The robbery/murder (which involved an accomplice who turned state's evidence against Towery in exchange for a reduced sentence) had many distinct similarities to last month's high-profile murders of Lawrence and Glenna Shapiro.
Both cases involved elderly victims who were accosted, beaten, kidnapped, robbed (their cars and other items and money) and eventually killed in their own Paradise Valley homes. The Shapiros, however, were shot to death, and Towery strangled the 69-year-old man to death with a flex-cuff after injecting him ("three or four times" in the arms, according to the cohort) with battery acid.
The battery acid allegation is what the general public from that era remembers most about Towery's crime.
"They had known each other really good in order for the trust to be like that," Towery's accomplice, Randy Allen Barker, told police. "The guy [Jones] was really cool the whole time we was in there."
The duo were caught after someone called Silent Witness. Akin to the current Shapiro case, police found items belonging to Mr. Jones in Towery's possession.
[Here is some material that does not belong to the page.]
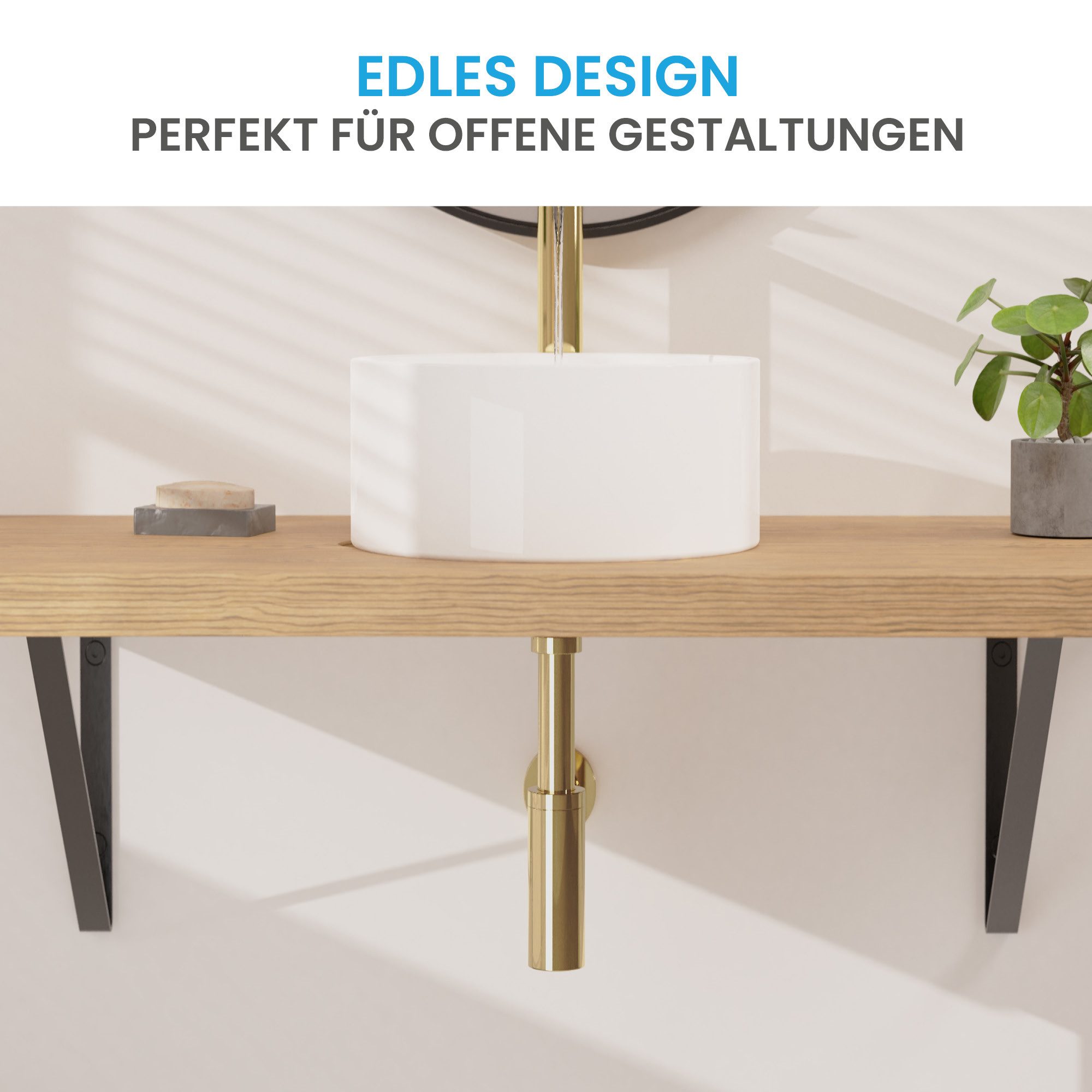 Bächlein Siphon Eleganter Waschbeckenablauf, (Hochwertiger Waschbeckensiphon, Goldfarben), Innovative Reinigungsöffnung, Universell einsetzbar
Towery went by the moniker of "Chewie" in those days, and he was a hardcore druggie--methamphetamine was a favorite--with a bad-ass penchant for the strong-arm robbing of people when it suited him.
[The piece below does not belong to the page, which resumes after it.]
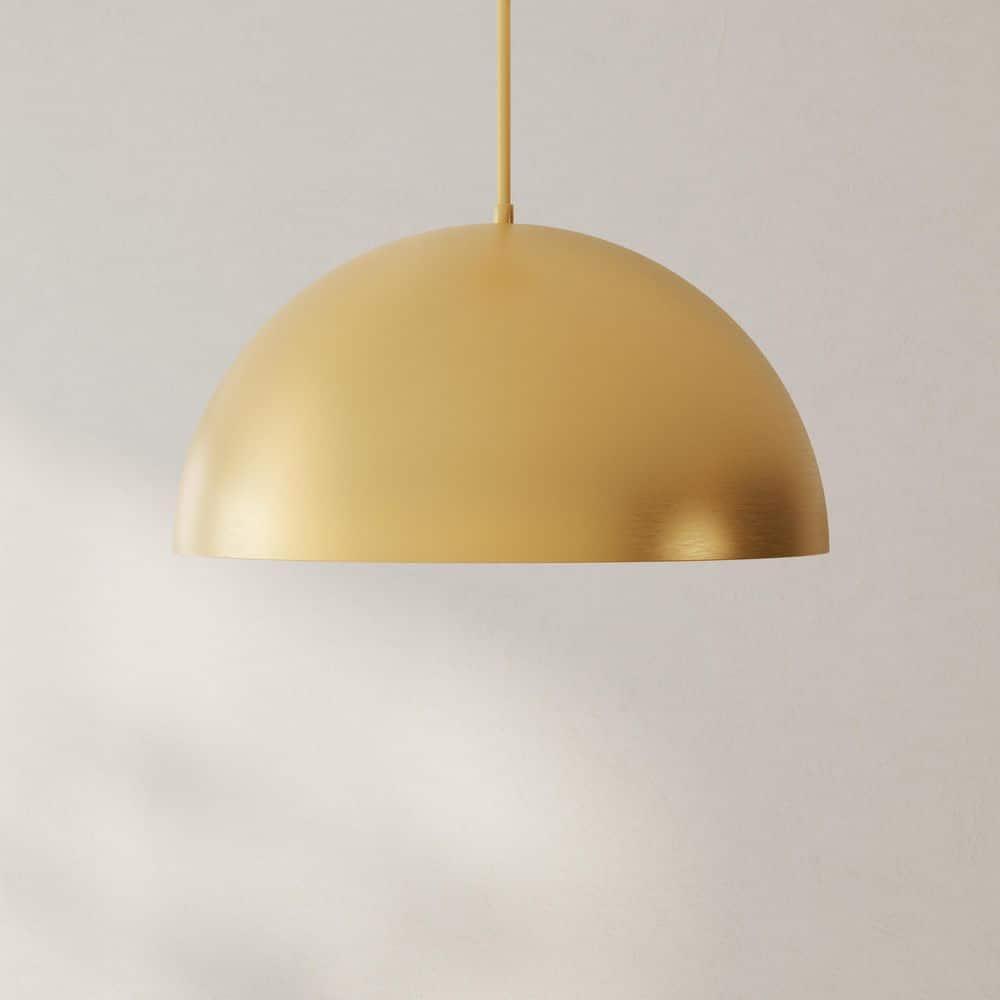 Progress Lighting, Perimeter, 1-Light Pendant, Brushed Gold, Open Shade: Iconic modern design with elegant metal dome.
He knew Mark Jones from when he worked at a car-repair shop, and that was how he talked his way into the older man's home fully intending to rob and probably to kill.
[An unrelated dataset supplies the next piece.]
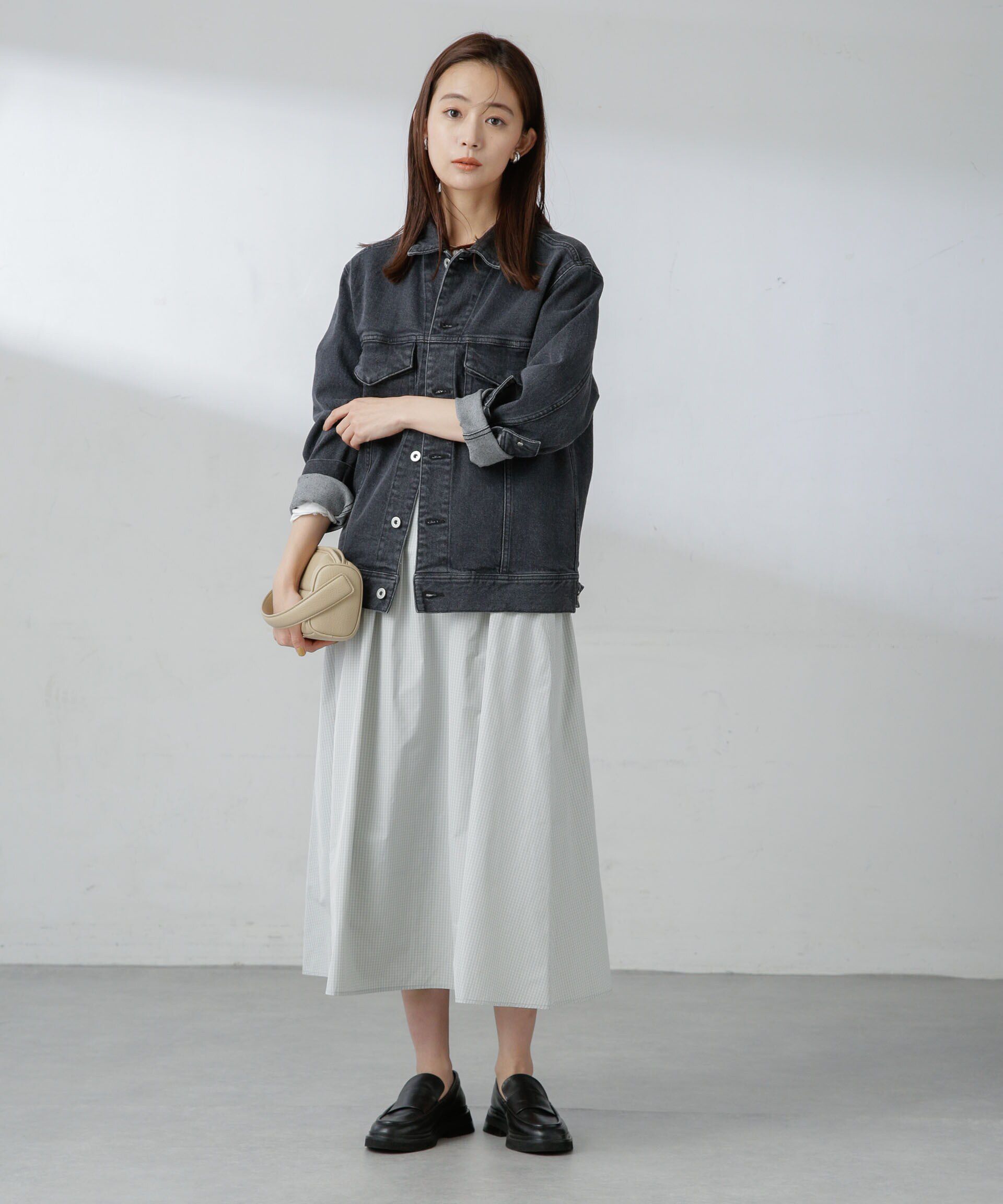 nano･universe「ギャザーボリュームチェックスカート」|スカート|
It doesn't get a whole lot worse than that.
Late last year, we contemplated an in-depth story on the recently late-blooming relationship between Robert Towery and his son, a University of Arizona student. Towery had gone off to prison shortly after the young man's birth, and the pair didn't communicate at all for years.
But they did forge a terribly strong bond in the last few years, which included prison visits and letters, and we contacted both men after we learned of the situation, thinking of what used to be known as a "human interest" story--Phoenix New Times-style, that is.